Русских обвинял и духовный авторитет более крупного калибра — Солженицын. Ему было стыдно за то, что в ГУЛАГе после войны находились не только русские, но и люди других национальностей. Он пишет в своей книге «Архипелаг ГУЛАГ»: «Особенно прилегают к моей душе эстонцы и литовцы. Хотя я сижу с ними на равных правах, мне так стыдно перед ними, будто посадил их я. Неиспорченные, работящие, верные слову, недерзкие, — за что и они втянуты на перемол под те же проклятые лопасти? Никого не трогали, жили тихо, устроенно и нравственнее нас — и вот виноваты в том, что живут у нас под локтем и отгораживают от нас море. «Стыдно быть русским!» — воскликнул Герцен, когда мы душили Польшу. Вдвое стыднее быть советским перед этими незабиячливыми беззащитными народами» [49].
Благодаря гипнозу литературного таланта Солженицына читатель начинал верить, что «неиспорченные незабиячливые» эстонцы, конечно, же, попали в ГУЛАГ безвинно. Он «забывал» и о том, что на стороне немцев воевало на треть больше эстонцев, чем в Советской армии, и что из них немцы формировали самые жестокие карательные части, которые орудовали не только в Прибалтике. Стыдно быть русским! «Никого не трогали» эстонские эсэсовцы, «жили тихо, и нравственнее нас».

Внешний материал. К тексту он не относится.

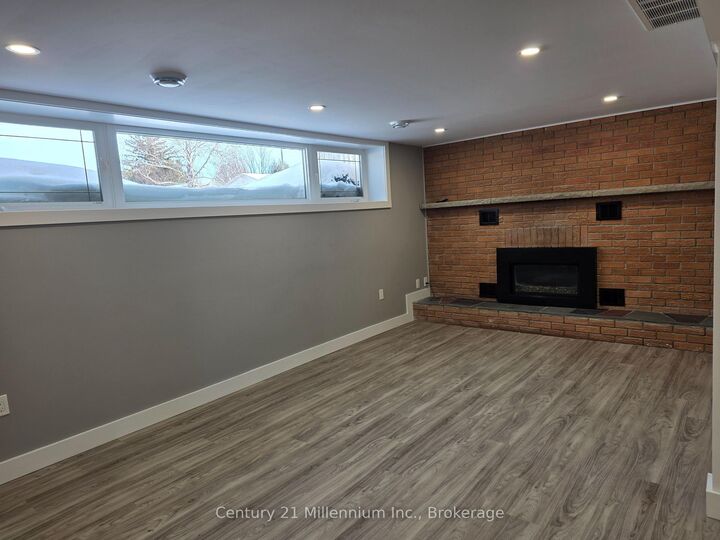Photo de la propriété: 398 Kingsway Street E Unit 2 ON N2Z 1W3
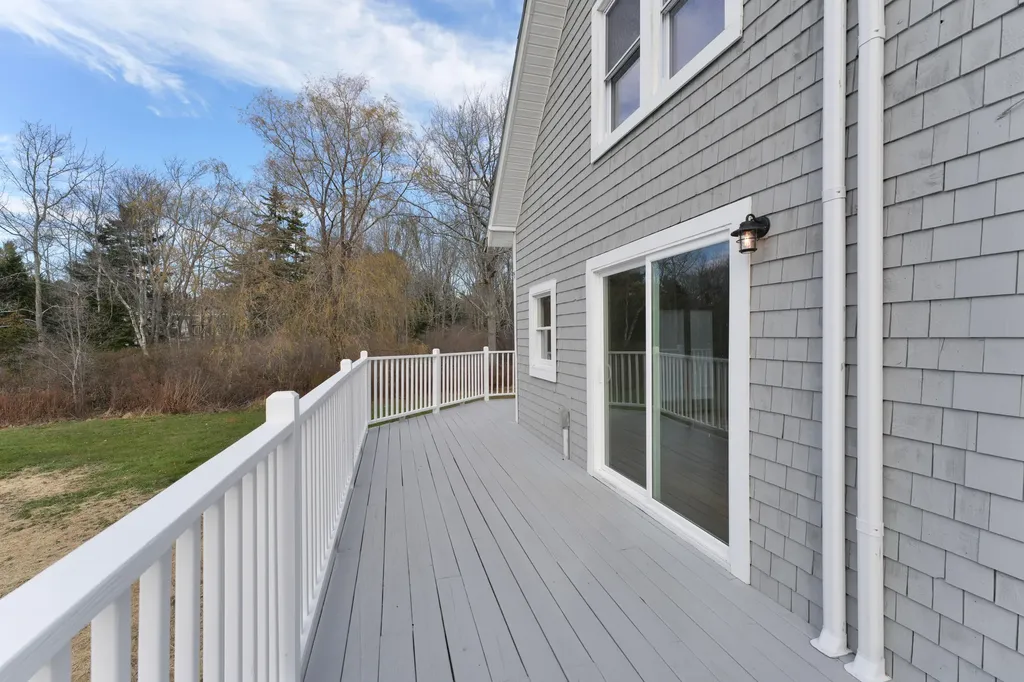 16 Ash Point Road Harpswell ME 04079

Во время перестройки русофобия маскировалась и под науку, в ней широко применялась «генетическая» фразеология. Гуманитарии доказывали, будто в результате революции, войн и репрессий произошло генетическое вырождение русского народа, и он по своим качествам опустился до уровня «человек биологический».
Видный социолог В. Шубкин дает в «Новом мире» такие определения: Человек биологический — «существо, озабоченное удовлетворением своих потребностей… речь идет о еде, одежде, жилище, воспроизводстве своего рода». Человек социальный — он «непрерывно, словно четки, перебирает варианты: это выгодно, это не выгодно… Если такой тип не нарушает какие-то нормы, то лишь потому, что боится наказания», у него «как видно, нет внутренних ограничений, можно сказать, что он лишен совести». Человек духовный — «это, если говорить кратко, по старому, человек с совестью. Иначе говоря, со способностью различать добро и зло».